-- Goal of the exercise --
What follows is a listing to transcribe exactly, leaving the pictures out.
───
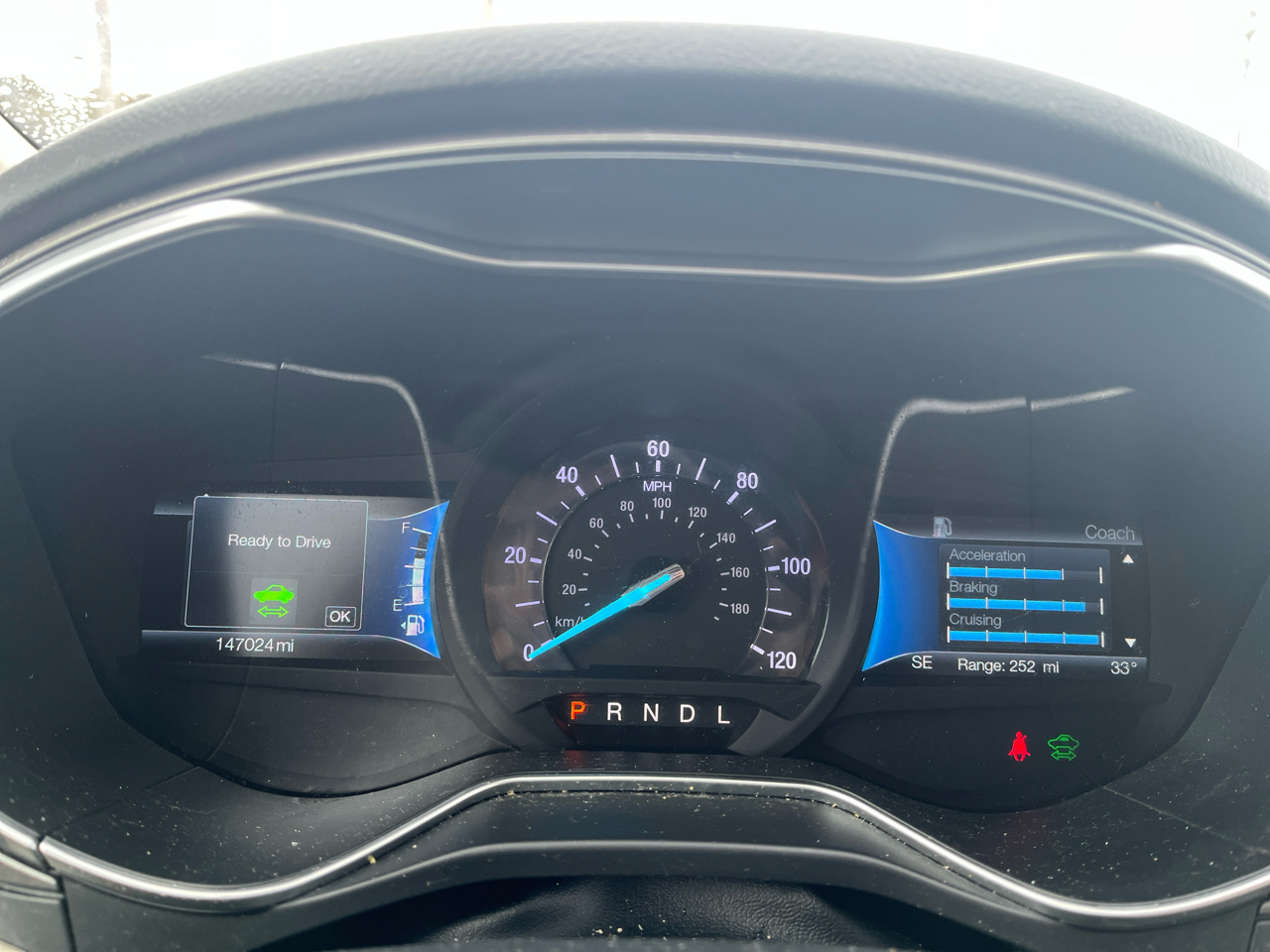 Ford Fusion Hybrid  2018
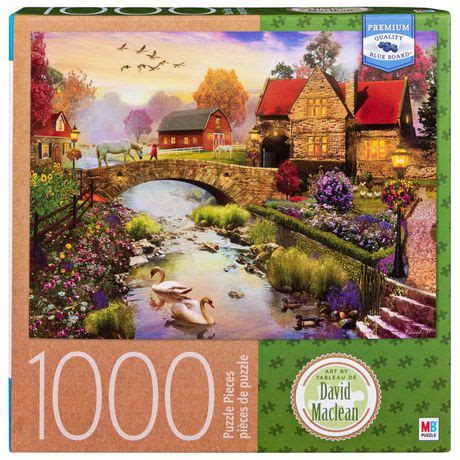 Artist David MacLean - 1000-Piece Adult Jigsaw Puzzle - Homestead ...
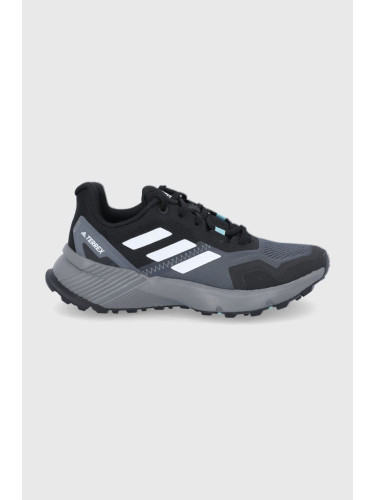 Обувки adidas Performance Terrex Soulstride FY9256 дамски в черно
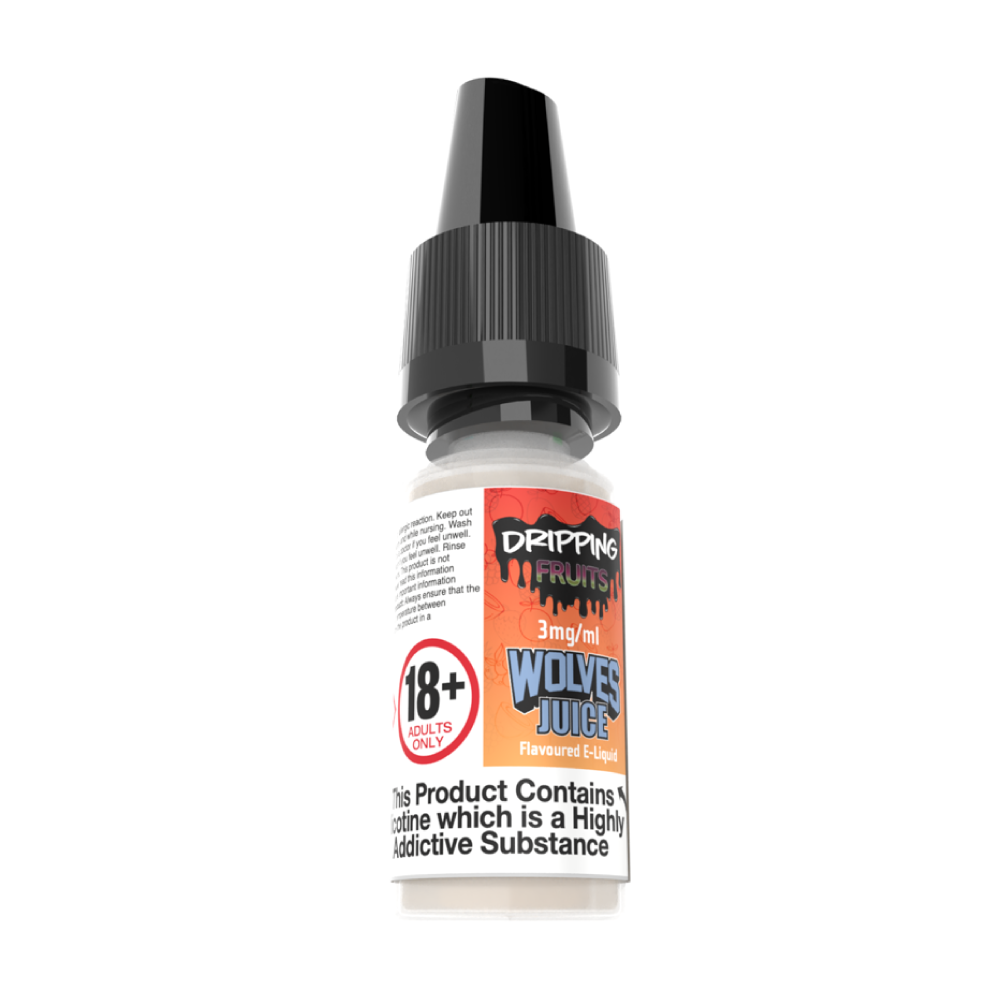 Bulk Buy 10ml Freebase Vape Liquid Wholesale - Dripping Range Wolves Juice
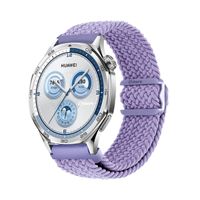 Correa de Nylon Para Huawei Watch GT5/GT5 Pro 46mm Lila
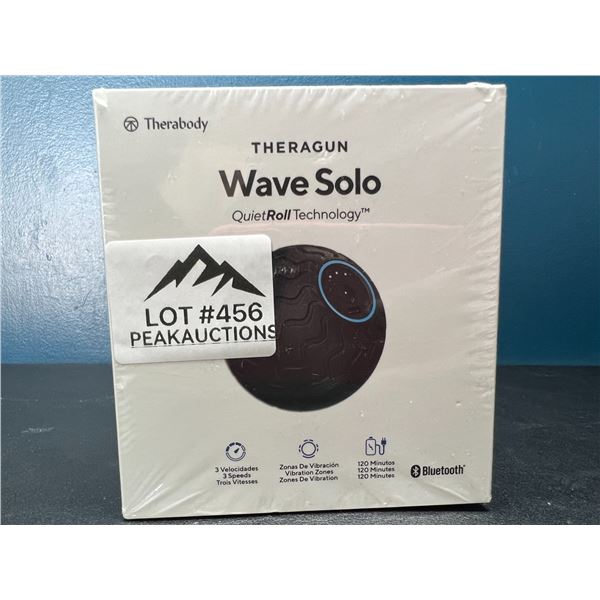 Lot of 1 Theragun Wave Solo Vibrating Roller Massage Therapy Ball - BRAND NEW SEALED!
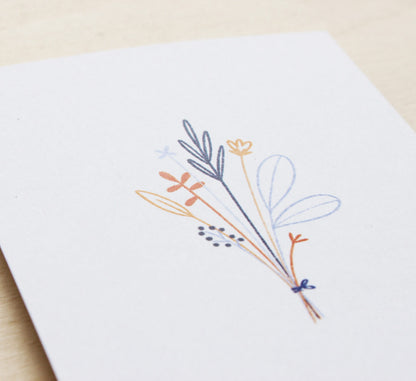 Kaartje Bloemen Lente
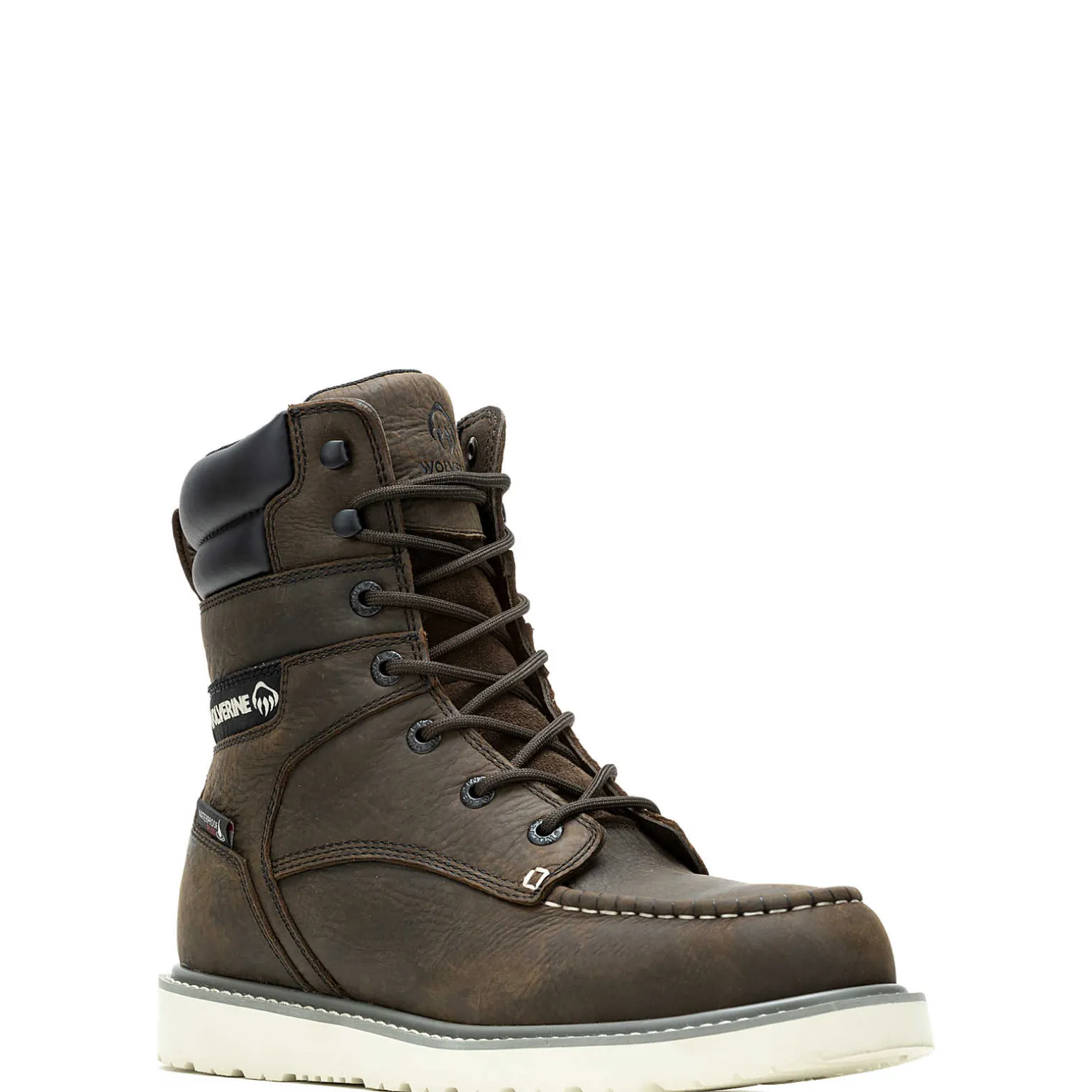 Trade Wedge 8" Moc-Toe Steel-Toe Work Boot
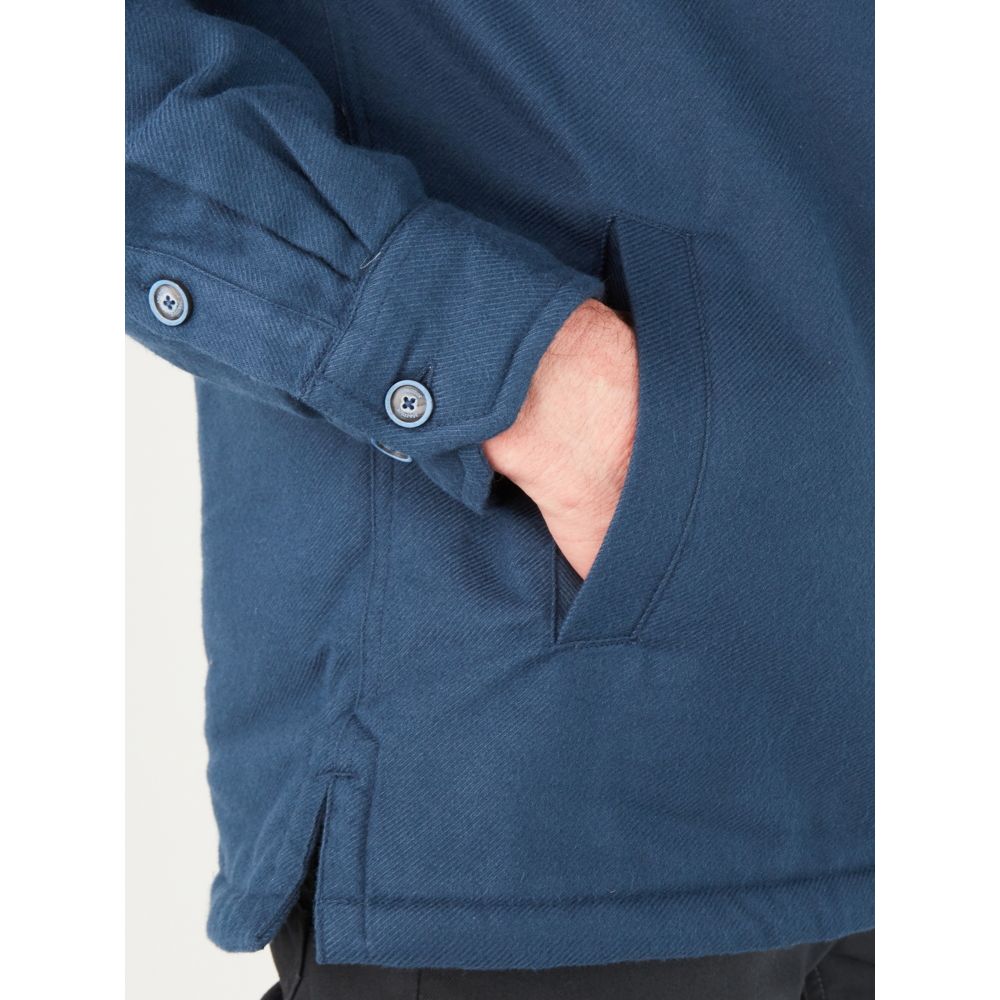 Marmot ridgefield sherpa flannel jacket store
───
-- Response to the exercise --
 Ford Fusion Hybrid  2018
 Artist David MacLean - 1000-Piece Adult Jigsaw Puzzle - Homestead ...
 Обувки adidas Performance Terrex Soulstride FY9256 дамски в черно
 Bulk Buy 10ml Freebase Vape Liquid Wholesale - Dripping Range Wolves Juice
 Correa de Nylon Para Huawei Watch GT5/GT5 Pro 46mm Lila
 Lot of 1 Theragun Wave Solo Vibrating Roller Massage Therapy Ball - BRAND NEW SEALED!
 Kaartje Bloemen Lente
 Trade Wedge 8" Moc-Toe Steel-Toe Work Boot
 Marmot ridgefield sherpa flannel jacket store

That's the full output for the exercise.